----- EXTRACTED RECORDS

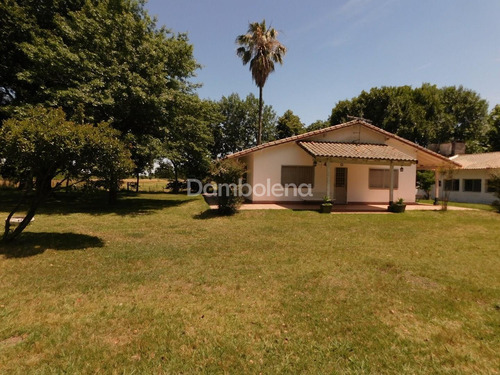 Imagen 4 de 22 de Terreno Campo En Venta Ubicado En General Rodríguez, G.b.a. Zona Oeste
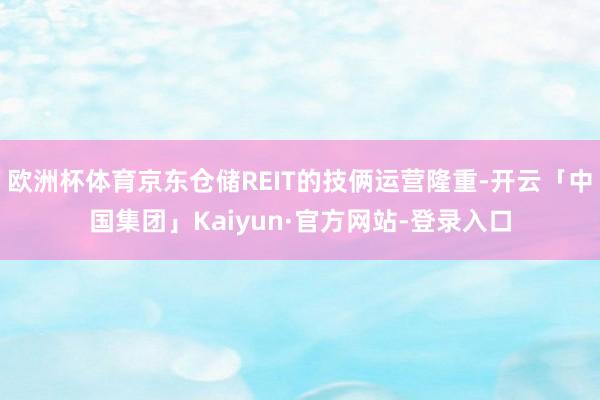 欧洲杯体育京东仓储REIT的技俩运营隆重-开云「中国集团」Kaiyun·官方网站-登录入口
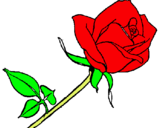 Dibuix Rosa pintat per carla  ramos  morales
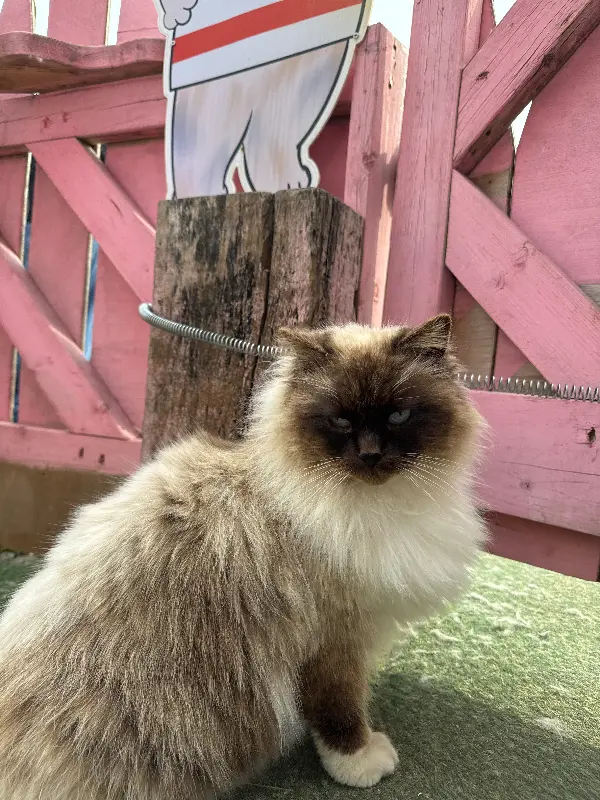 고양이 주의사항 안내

----------
----- EXTRACTED RECORDS

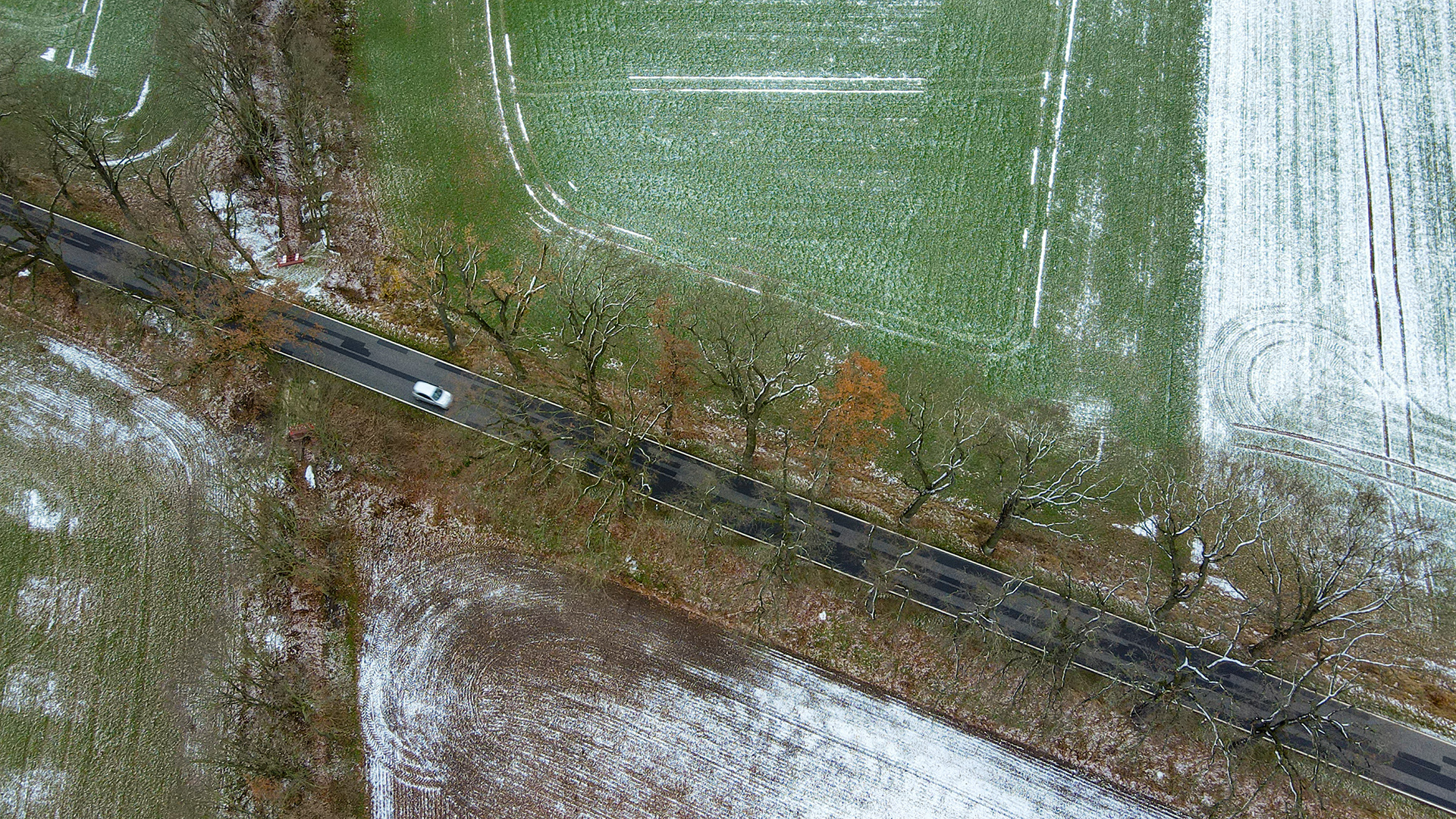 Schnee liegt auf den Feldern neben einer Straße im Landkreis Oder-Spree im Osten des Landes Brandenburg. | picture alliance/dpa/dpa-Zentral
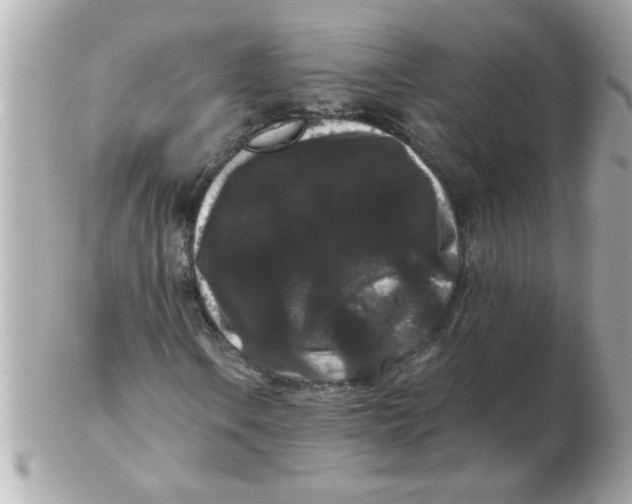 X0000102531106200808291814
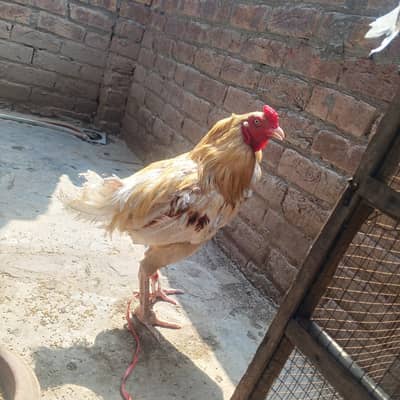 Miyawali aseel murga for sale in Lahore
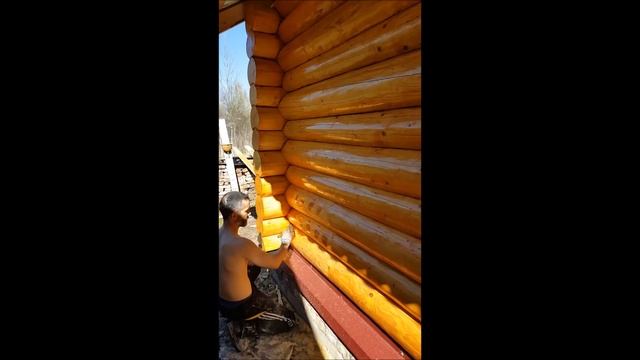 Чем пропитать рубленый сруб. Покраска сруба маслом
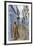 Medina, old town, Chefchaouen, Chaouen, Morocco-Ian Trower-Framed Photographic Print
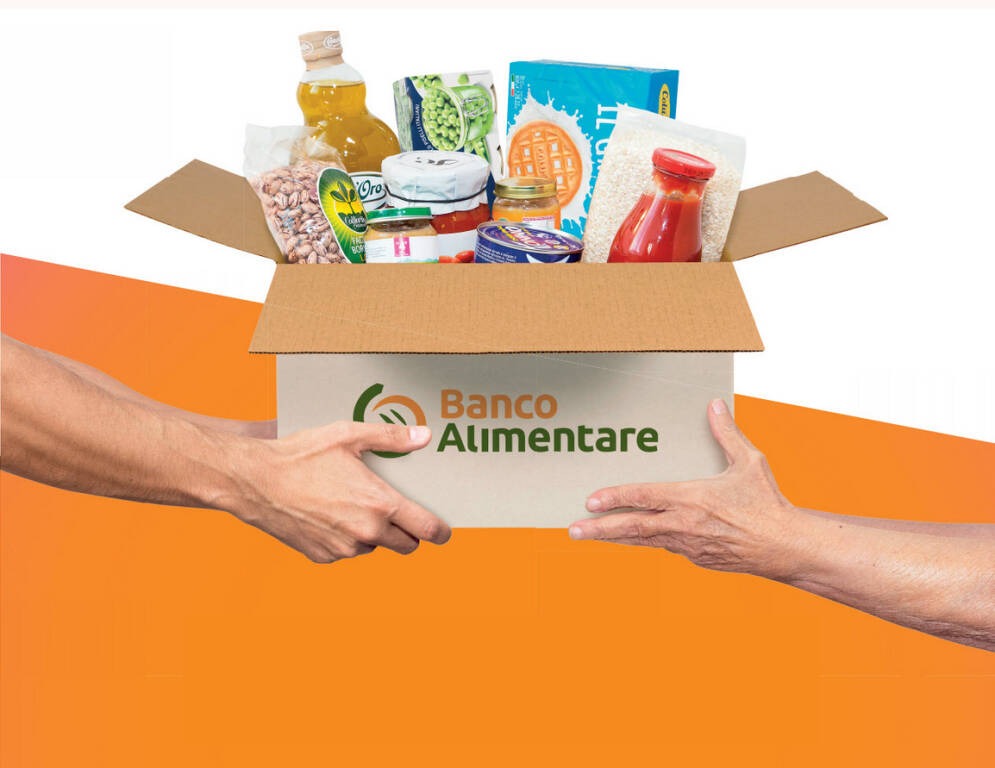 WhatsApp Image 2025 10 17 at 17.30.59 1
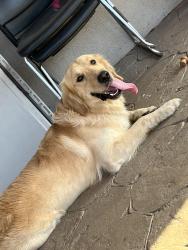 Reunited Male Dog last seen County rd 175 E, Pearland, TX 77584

----------

### DESCRIPTION OF THE TASK
From the listing above, please give again the lines that begin with the line holding "Imagen 4 de" and go on through the line holding "고양이 주의사항 안내", exactly, both ends included, minus any picture.

### TASK RESULT
 Imagen 4 de 22 de Terreno Campo En Venta Ubicado En General Rodríguez, G.b.a. Zona Oeste
 欧洲杯体育京东仓储REIT的技俩运营隆重-开云「中国集团」Kaiyun·官方网站-登录入口
 Dibuix Rosa pintat per carla  ramos  morales
 고양이 주의사항 안내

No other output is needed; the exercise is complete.